§ PROVIDED RECORDS:
:::::

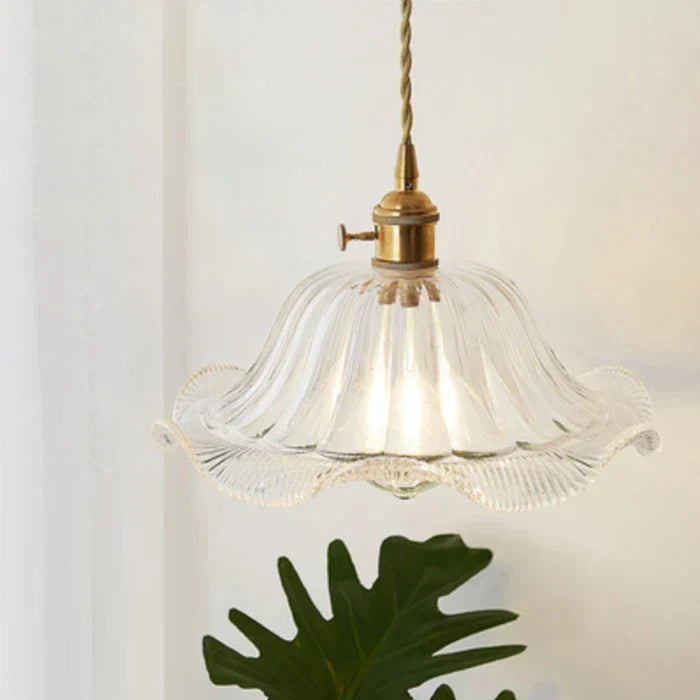 Contemporary glass lighting fixture illuminating a sleek kitchen island space
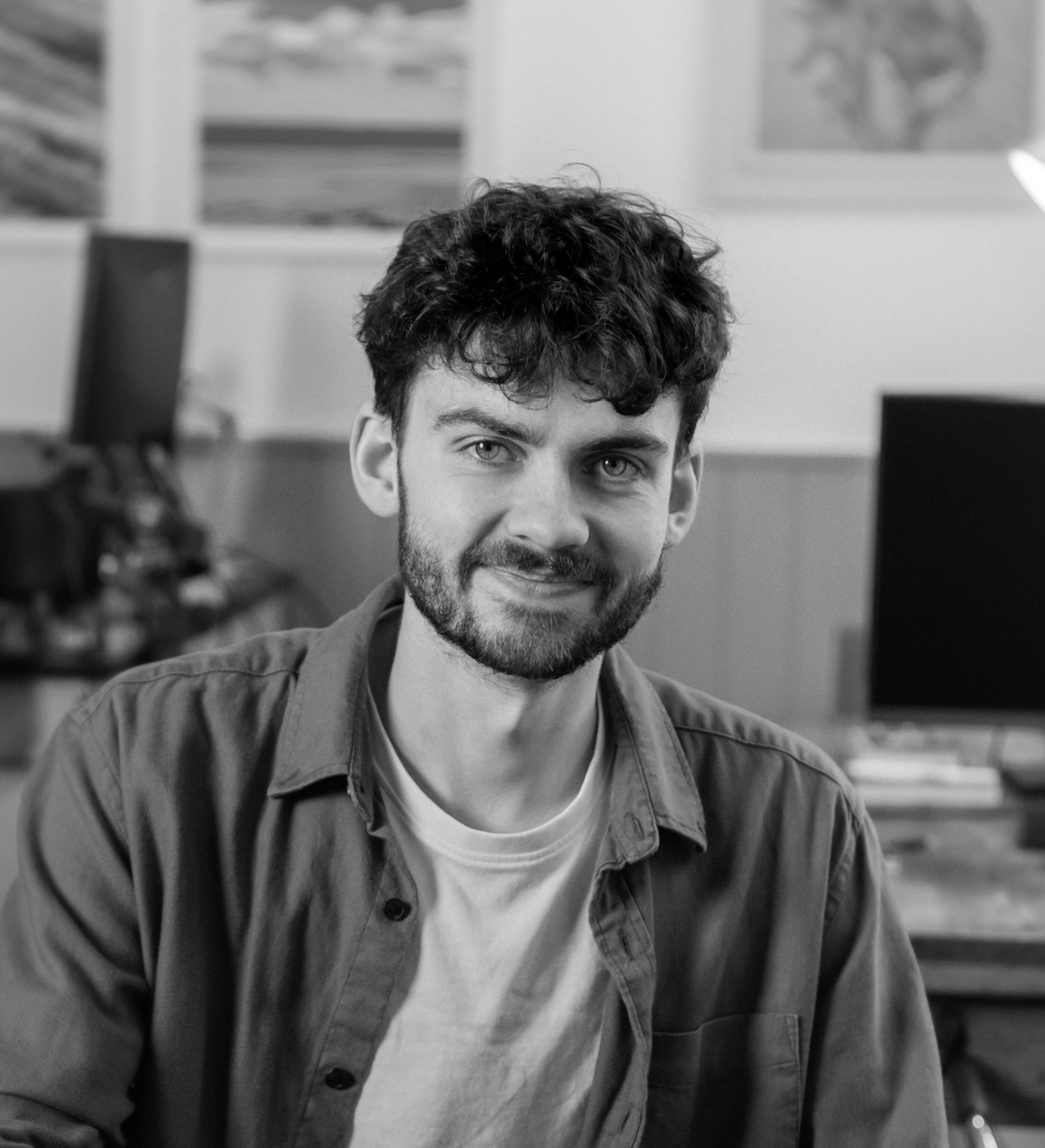 Smiling young man with curly hair and beard wearing a button-up shirt over a t-shirt in a casual indoor setting.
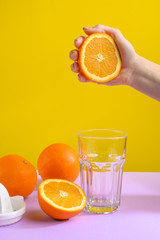 Juicy fresh orange in female hands hovers over a glass. Against a bright background, purple-yellow. Hard creative light, vertical photo.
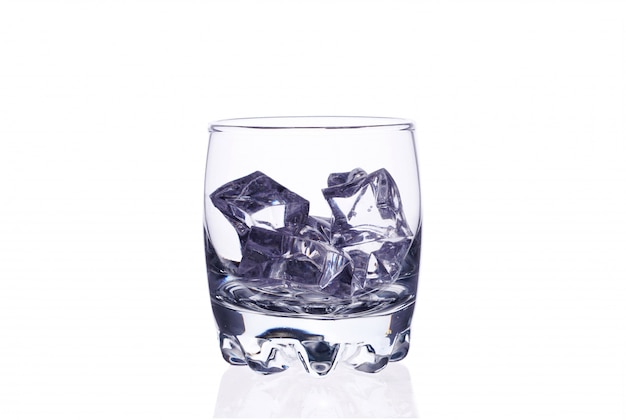 A glass of whiskey with ice cubes on a white background isolate.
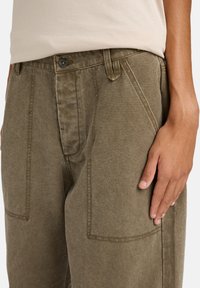 Grüne Baumwollhose mit strukturiertem Finish, mit Knopfverschluss, Seitentaschen und sichtbaren Nähten entlang der Säume.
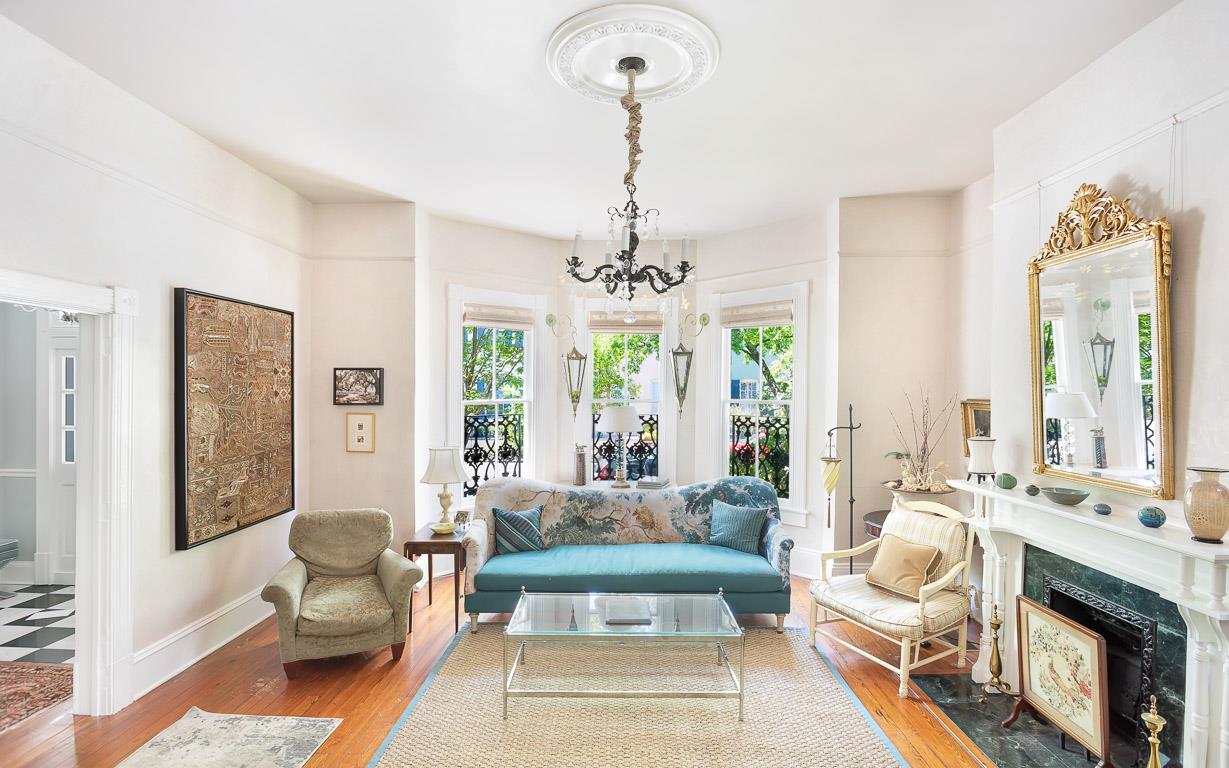 Relax in the parlor, also known as the living room for this property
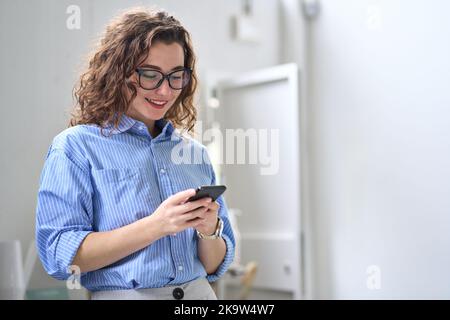 Lächelnde junge Geschäftsfrau mit Mobiltelefon, die im Büro mit dem Handy steht. Stockfoto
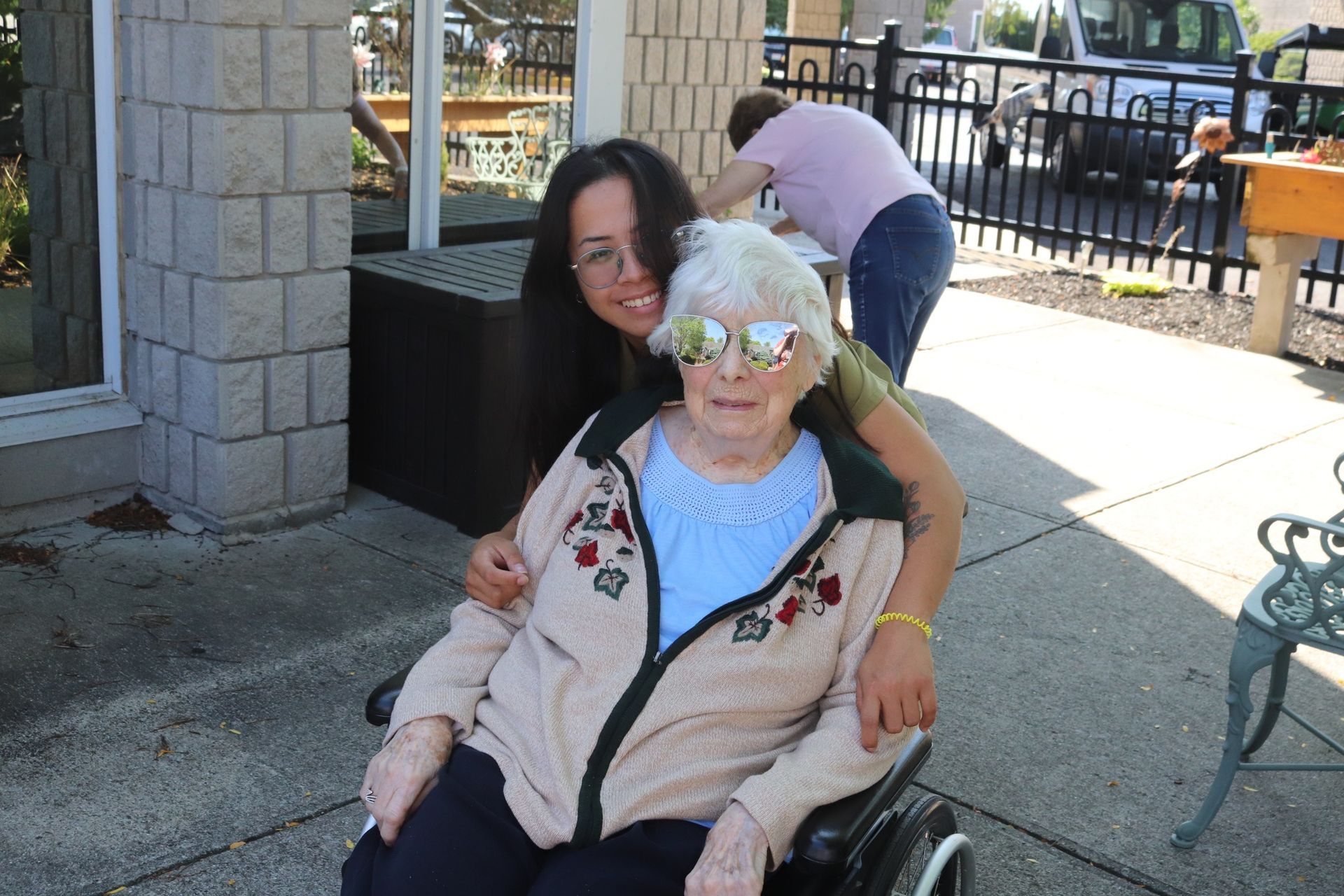 Older woman in a wheelchair outdoors, smiling while another person stands behind her near a building.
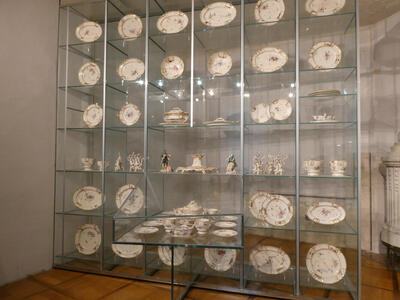 A display case 7 columns by 6 rows high, each section with ceramic dishware.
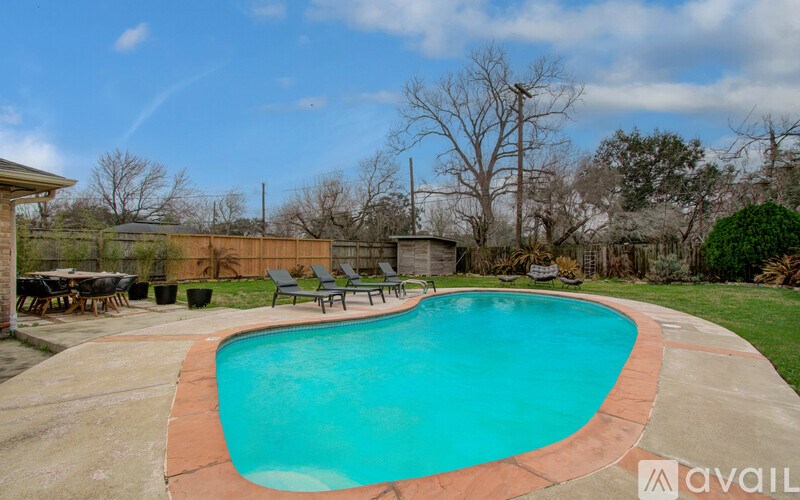 A swimming pool surrounded by a concrete patio and a wooden fence.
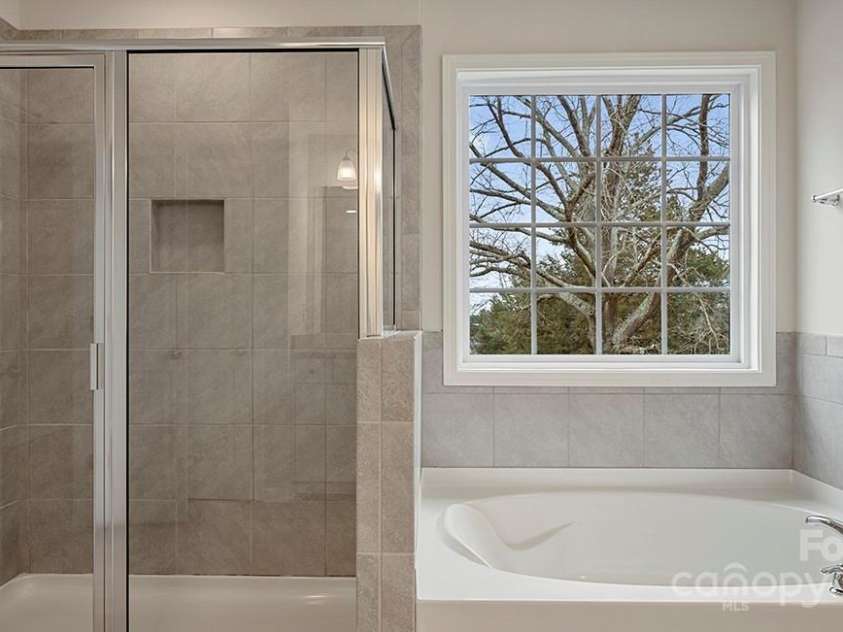 589 Fox Cove Road, Hendersonville, NC 28792.  MLS# CAR4199118, YatesRealty ID 1605. Shower and garden tub in primary bathroom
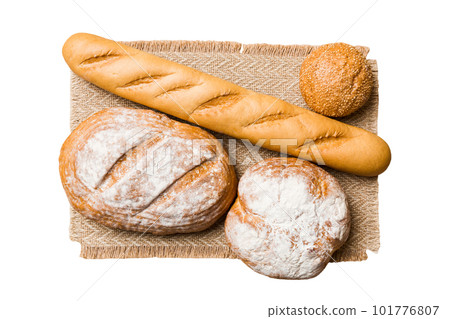 Freshly baked delicious french bread with napkin isolated on white background top view. Healthy white bread loaf 101776807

:::::

§ TO DO:
Would you set down the listing exactly, omitting pictures?

§ TASK RESULT:
 Contemporary glass lighting fixture illuminating a sleek kitchen island space
 Smiling young man with curly hair and beard wearing a button-up shirt over a t-shirt in a casual indoor setting.
 Juicy fresh orange in female hands hovers over a glass. Against a bright background, purple-yellow. Hard creative light, vertical photo.
 A glass of whiskey with ice cubes on a white background isolate.
 Grüne Baumwollhose mit strukturiertem Finish, mit Knopfverschluss, Seitentaschen und sichtbaren Nähten entlang der Säume.
 Relax in the parlor, also known as the living room for this property
 Lächelnde junge Geschäftsfrau mit Mobiltelefon, die im Büro mit dem Handy steht. Stockfoto
 Older woman in a wheelchair outdoors, smiling while another person stands behind her near a building.
 A display case 7 columns by 6 rows high, each section with ceramic dishware.
 A swimming pool surrounded by a concrete patio and a wooden fence.
 589 Fox Cove Road, Hendersonville, NC 28792.  MLS# CAR4199118, YatesRealty ID 1605. Shower and garden tub in primary bathroom
 Freshly baked delicious french bread with napkin isolated on white background top view. Healthy white bread loaf 101776807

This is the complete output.